Detection of protein-protein interactions using Aequorea victoria bioluminescence resonance energy transfer

Bioluminescence resonance energy transfer (BRET) is a naturally occurring phenomenon taking place in some marine coelenterates. Emission of light in these organisms involves the energy transfer between chromophores of donor luciferase and acceptor fluorescent protein. Due to the strict dependence of BRET efficiency on the inter-chromophore distance, the phenomenon has been applied to study protein-protein interactions by fusing interacting partners with either donor or acceptor proteins.

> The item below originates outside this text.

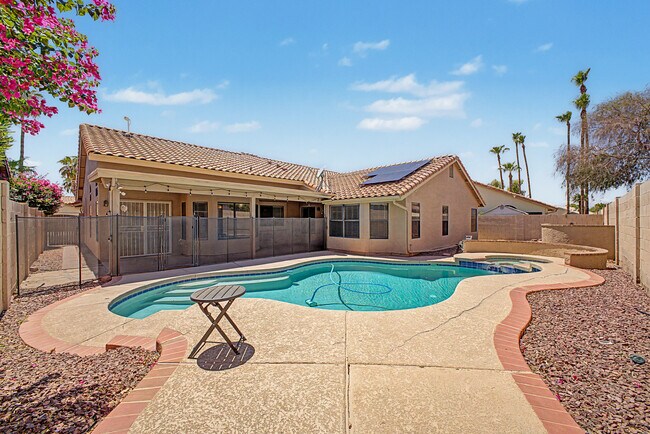 Building Photo - 3103 N Meadow Ln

Here we describe a BRET-based homogeneous protein-protein interaction assay exploiting novel donor-acceptor pair formed by photoproteins of jellyfish Aequorea victoria bioluminescent system, aequorin and green fluorescent protein enhanced variant (EGFP). Two known interacting proteins, streptavidin (SAV) and biotin carboxyl carrier protein (BCCP) were fused, respectively, with aequorin and EGFP. The fusions were purified after expression of the corresponding genes in Escherichia coli cells. Association of SAV-Aequorin and BCCP-EGFP was followed by BRET between aequorin (donor) and EGFP (acceptor) resulting in significantly increasing 510 nm and decreasing 470 nm bioluminescence intensity. It was shown that free biotin inhibited BRET due to its competition with BCCP-EGFP for binding to SAV-Aequorin. These properties were exploited to demonstrate competitive homogeneous BRET assay for biotin.